Available data:
Segment Open

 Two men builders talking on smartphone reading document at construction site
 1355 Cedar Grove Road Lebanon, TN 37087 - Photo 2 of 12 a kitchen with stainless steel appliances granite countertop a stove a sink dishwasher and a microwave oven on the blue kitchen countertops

Segment Closed
Segment Open

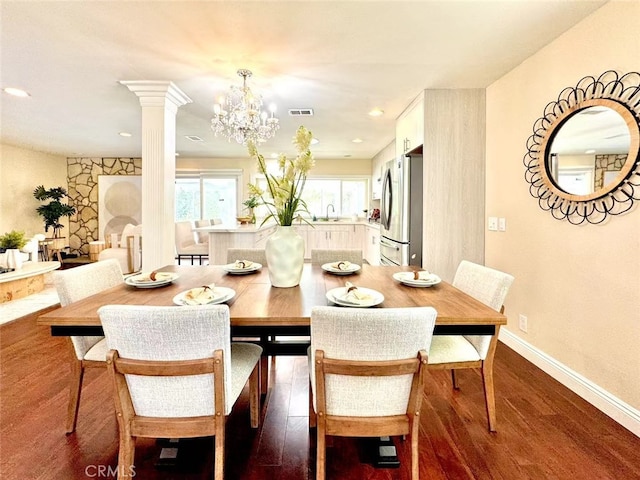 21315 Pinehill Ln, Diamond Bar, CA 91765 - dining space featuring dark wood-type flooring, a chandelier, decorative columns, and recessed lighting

Segment Closed
Segment Open

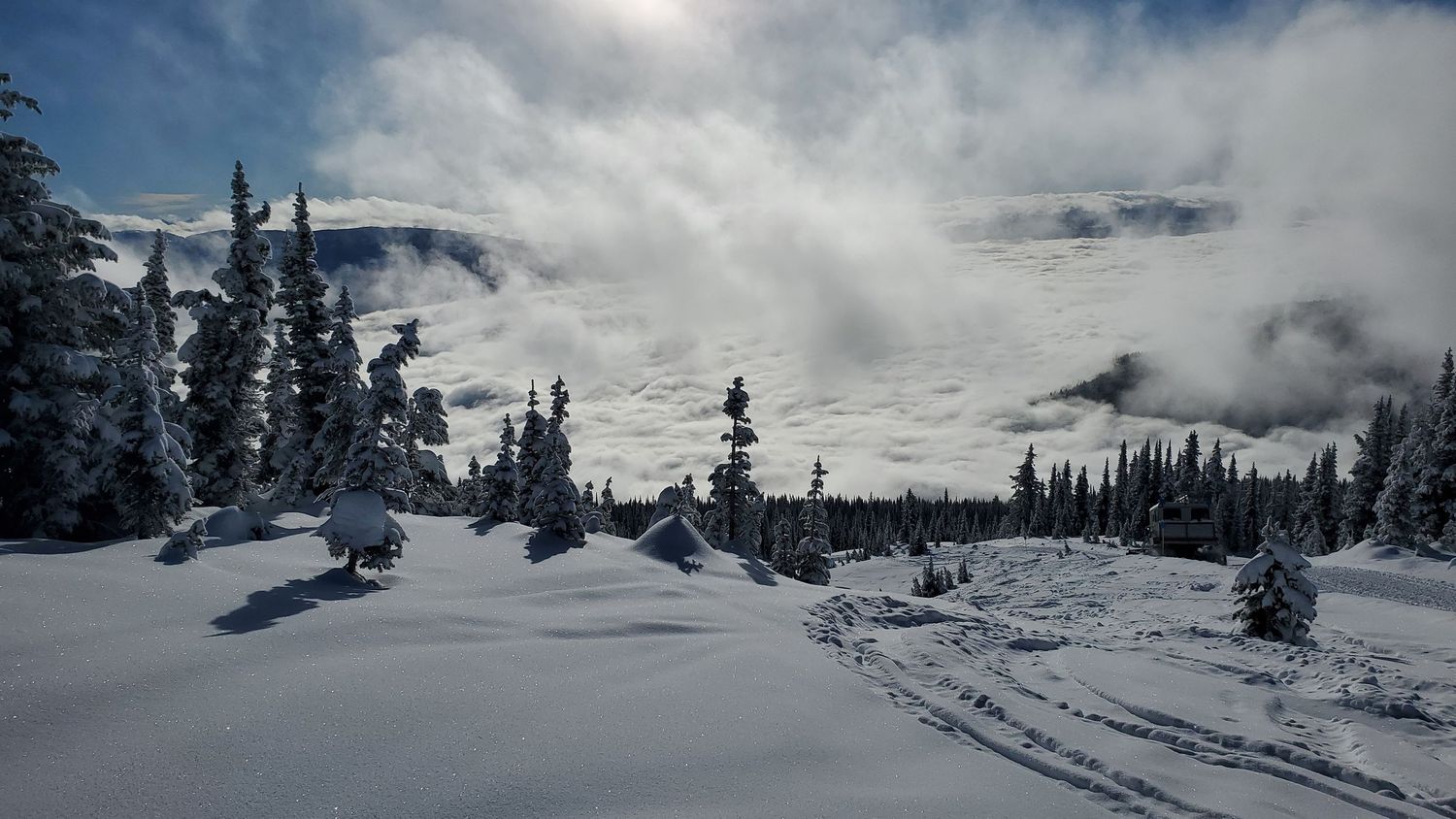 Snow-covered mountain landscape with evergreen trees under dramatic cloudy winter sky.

Segment Closed

Problem to work on: In the entries above, find the line with "Two men builders" and the line with "1355 Cedar Grove", then set down exactly those two and every line between them, nothing else.

Response for this exercise:
 Two men builders talking on smartphone reading document at construction site
 1355 Cedar Grove Road Lebanon, TN 37087 - Photo 2 of 12 a kitchen with stainless steel appliances granite countertop a stove a sink dishwasher and a microwave oven on the blue kitchen countertops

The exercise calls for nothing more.